いつも移動に使う「自転車」という器具を軽快に走らせ、ザックは山中を駆け巡っていた。
ここは何度か足を運んでいた場所である。
肩から小さなカバンをぶら下げ、坂を下っていく。
ふと見晴らしのいい場所を発見、自転車を止め深呼吸。
肩から下げたカバンからなにかを取り出し、顔の位置まで引き寄せる。
それは、乾いた短い音を出し、広い空間を響き渡らせた。
(――いい感じに撮れたな。)
眼前の広がる、澄んだ空と森の緑が、手にした物に映し出されていた。
それはかつて「カメラ」と呼ばれていた物。進化とともに消え去った旧世代の撮影機器である。

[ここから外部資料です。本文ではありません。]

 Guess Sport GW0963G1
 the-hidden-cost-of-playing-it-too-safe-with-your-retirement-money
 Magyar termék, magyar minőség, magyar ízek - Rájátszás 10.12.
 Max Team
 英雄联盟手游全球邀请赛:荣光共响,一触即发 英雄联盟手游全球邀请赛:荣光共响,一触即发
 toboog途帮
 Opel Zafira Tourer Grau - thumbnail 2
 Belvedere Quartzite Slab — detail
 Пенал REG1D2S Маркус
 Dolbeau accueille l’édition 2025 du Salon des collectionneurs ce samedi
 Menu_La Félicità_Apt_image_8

ザックは、時代錯誤とも言えるカメラを手に、美しい景色を撮る「写真家」だった。
山は自然の宝庫。いつ来ても、別の表情を覗かせてくれる。
上機嫌なザックは、どんどん山深くを進んで行った。
だが…
それがいけなかった。
澄み渡った青空が、みるみる内に暗くなり、ザックの心も暗くなる。
数時間後、辺りは闇に包まれ、山は「雪」に覆われた。
あっという間に降り積もる雪は、ザックを完全に孤立させた。
自転車を置き、歩いて帰ろとしたのだが、結果は――
―――――――――
――「あの時はさすがにもう駄目かと思いましたよ。」
力尽き、倒れたザックを、レリクが見つけ助けだした…という流れなわけだ。
この世界に生きる住人にとって必須といえる行為、「天気予知」をおろそかにしたが故の事故…
本来ならば馬鹿にされても文句は言えない事だった。
地球は、宇宙にある「フォトンベルト」という高エネルギーの光の帯に包まれている。当然それは地球の気象を大きく変化させた。
空気中がフォトン(光子)で満たされた地球は常に光に、暖かさに包まれている。
そんな環境では寒さは無縁。だがまれに、空気中のフォトンが消滅し「夜」という現象が起きることがある。
夜は温度を低下させ、雪を降らすこともしばしば。そして夜はフォトンをエネルギーとしている生命にとっても過酷なもの。ザックはその過酷な環境に巻き込まれたのだった。